In Season: Sweet Potatoes
Don't confuse these holiday favorites with yams. Loaded with vitamins, they're a sweeter alternative to a plain old potato. Here are 12 ways to try them.
They may have "potatoes" in their name, but they aren’t even in the same family as potatoes. These tubers are a different kind of root vegetable that comes from the same plant family as the morning glory flower. And even though some folks use the names interchangeably, sweet potatoes also aren't the same as yams, which are starchier root veggies with a less sweet flavor.
So what are they? Well, sweet potatoes are one of the oldest veggies on record, with traces of them dating back more than 10,000 years! These days, you’ll find them in season from as early as August through November.
Sweet potato skin can range in color from brown to orange to purple, while the flesh can be white or various shades of orange. One of the most common varieties is “Beauregard,” but I’ve seen some wild ones at my local farmers’ market. My favorite so far this year has been the purple-skinned and dark orange-fleshed “Carolina Ruby” -- great for roasting or baking in the skin.
A medium baked sweet potato has 105 calories, 24 grams of carbohydrates, 4 grams of fiber and more than 400% of your daily vitamin A in the antioxidant form known as beta-carotene. They’re also a good source of vitamin C and potassium. Sweet potatoes with dark orange flesh also contain the antioxidant lycopene.
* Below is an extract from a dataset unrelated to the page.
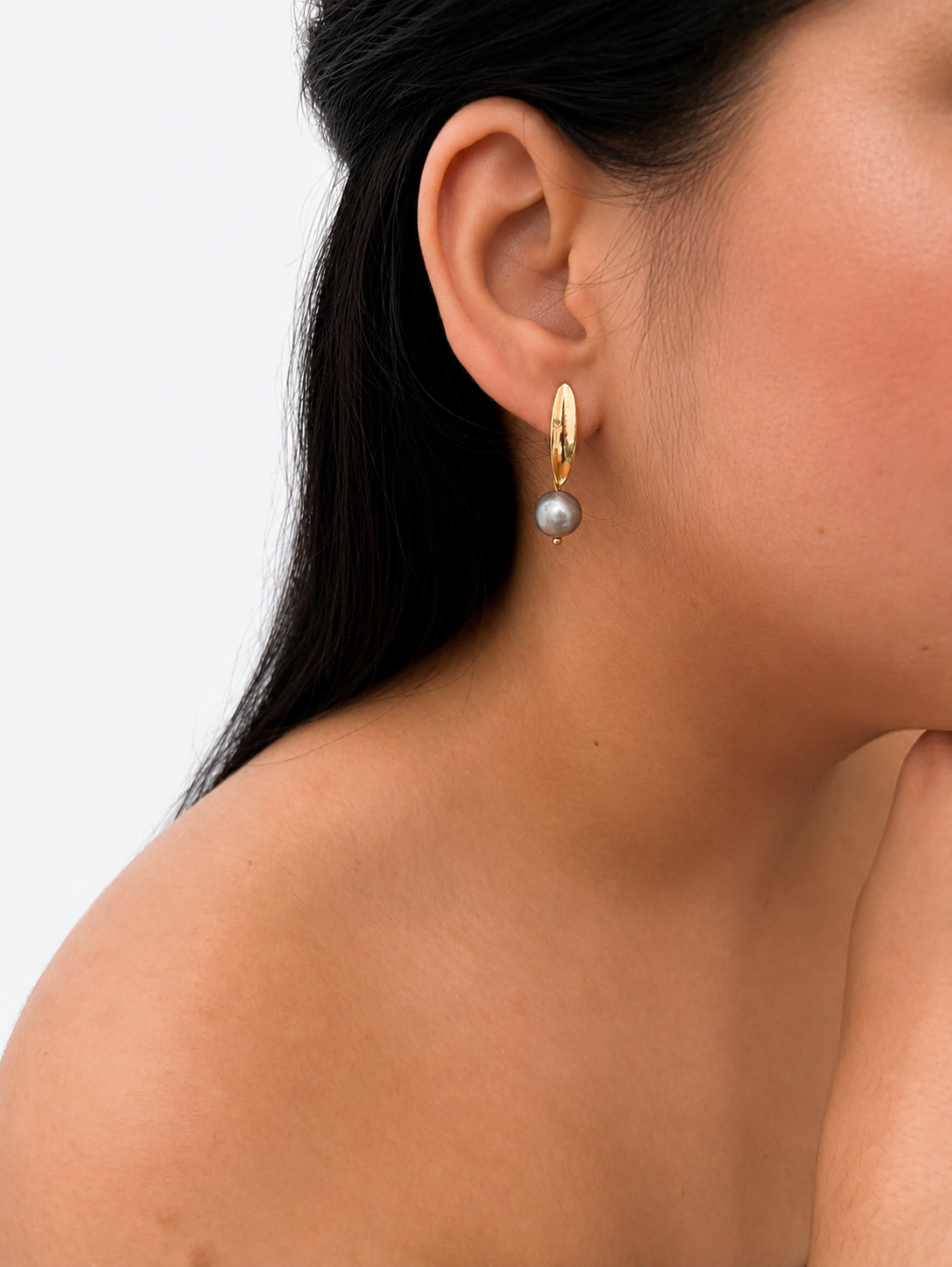 Pandan Leaf Keshi Round Grey Pearl Earrings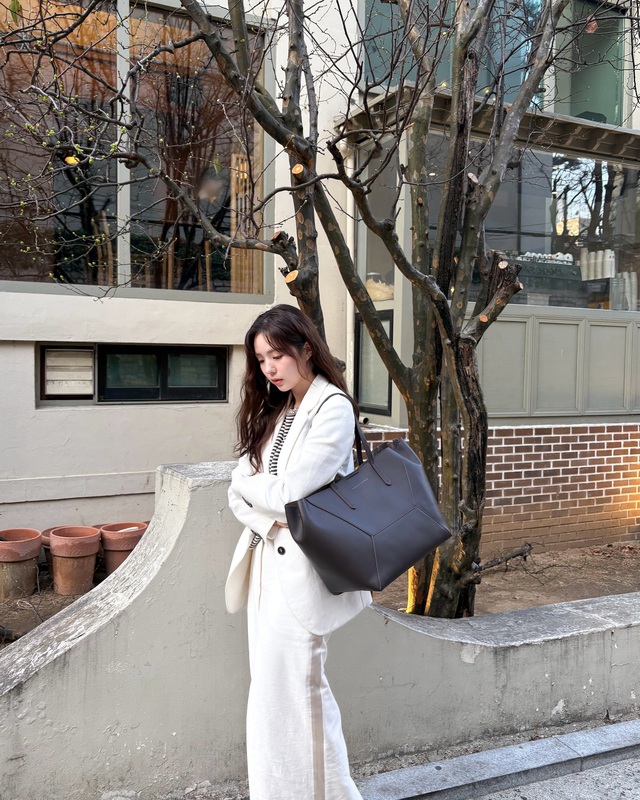 Cách mặc đồ trắng chuẩn sang xịn mịn với 5 công thức phối đồ dễ dàng - Ảnh 10.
I love to make my sweets smashed. Instead of boiling them, I bake them in the skin until tender. Once they cool, I remove most of the skin and place them in a saucepan over low heat with a pat of butter, a few spoonfuls of Greek yogurt, salt and pepper. A quick smash with a fork or a potato masher and they’re good to go -- simple and yummy! I also make lots of oven fries; I always make extra to chop up and add to grain salads. Try my Sweet Potato Quinoa for a satisfying lunch.
Shopping Tip: Choose sweet potatoes that are firm with intact skin (no large dents or blemishes). Store in a cool, dry place for up to four weeks. Once cooked, keep in the fridge for five to seven days or freezer for six to nine months.